**WORK ORDER**
Images are not wanted; transcribe the rest of the listing exactly.
--- GIVEN DATA ---
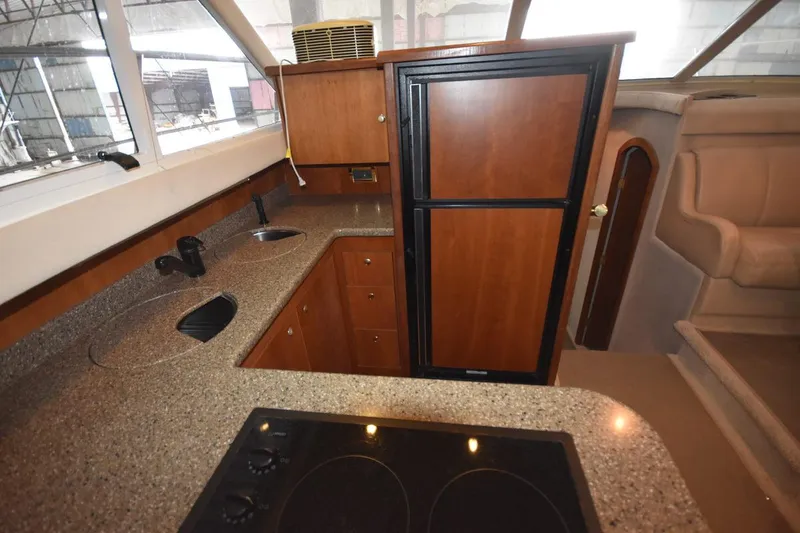 Slide: The Image of Luxurious 2000 Cruisers Yachts 4450 Express Motoryacht kitchen with modern amenities. - 38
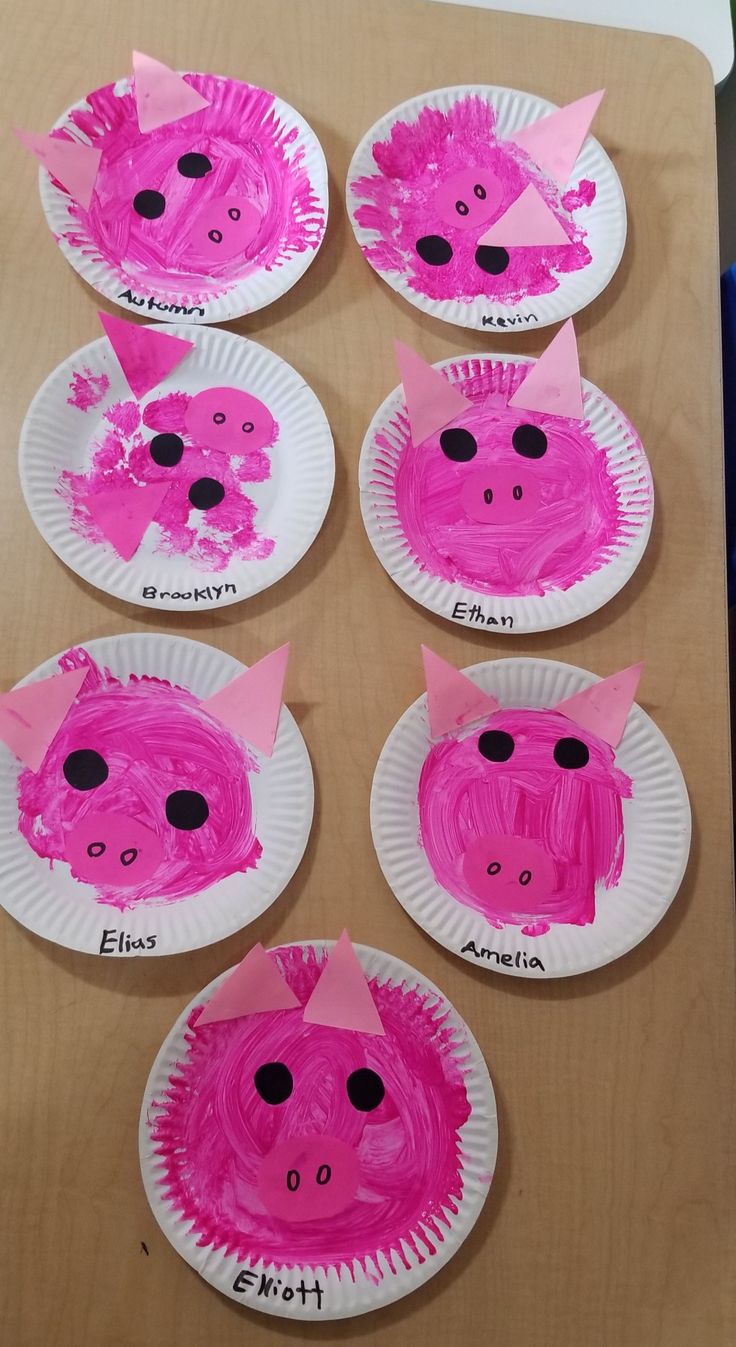 paper plates with pink pigs on them sitting on top of a wooden table next to blue markers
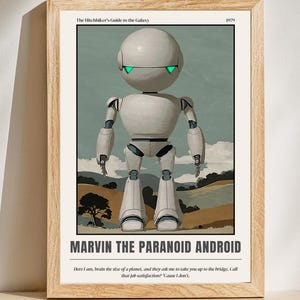 Puede incluir: Un póster enmarcado con Marvin el Androide Paranoide de The Hitchhiker's Guide to the Galaxy. El robot es blanco con una cabeza esférica y luces verdes en los ojos. El póster incluye el texto "MARVIN THE PARANOID ANDROID" y una cita.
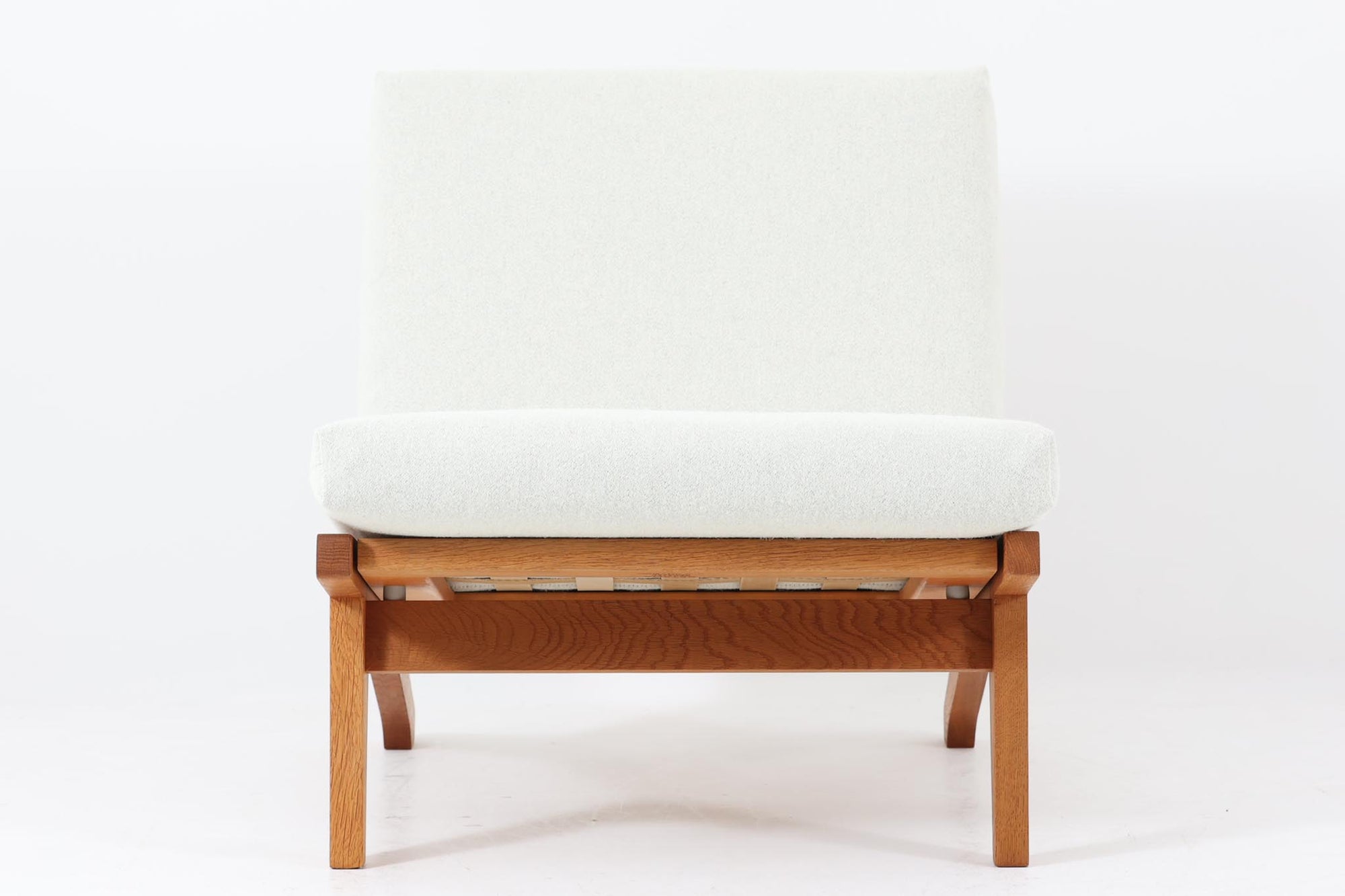 北欧より買い付けた「GE370」です。ウェグナーの作品の中でも、特筆すべきなのは、その柔軟性と機能性です。ソファを分解し、組み合わせることで、様々なレイアウトが可能です。例えば、別途アーム付きのGE370を購入すれば、それを連結して2人掛けソファとして使用することもできます。このソファも元々はアームを付けて使用されていたようで、そのため側面にアーム連結の色ヤケが見られます。本体には高品質なオーク材が使用されています。クッションはデンマーク製のデッドストック生地を使用して張替を行いました。デッドストック生地のため、若干の摩耗は見られますが綺麗な状態です。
---
**SOLUTION BELOW**
 Slide: The Image of Luxurious 2000 Cruisers Yachts 4450 Express Motoryacht kitchen with modern amenities. - 38
 paper plates with pink pigs on them sitting on top of a wooden table next to blue markers
 Puede incluir: Un póster enmarcado con Marvin el Androide Paranoide de The Hitchhiker's Guide to the Galaxy. El robot es blanco con una cabeza esférica y luces verdes en los ojos. El póster incluye el texto "MARVIN THE PARANOID ANDROID" y una cita.
 北欧より買い付けた「GE370」です。ウェグナーの作品の中でも、特筆すべきなのは、その柔軟性と機能性です。ソファを分解し、組み合わせることで、様々なレイアウトが可能です。例えば、別途アーム付きのGE370を購入すれば、それを連結して2人掛けソファとして使用することもできます。このソファも元々はアームを付けて使用されていたようで、そのため側面にアーム連結の色ヤケが見られます。本体には高品質なオーク材が使用されています。クッションはデンマーク製のデッドストック生地を使用して張替を行いました。デッドストック生地のため、若干の摩耗は見られますが綺麗な状態です。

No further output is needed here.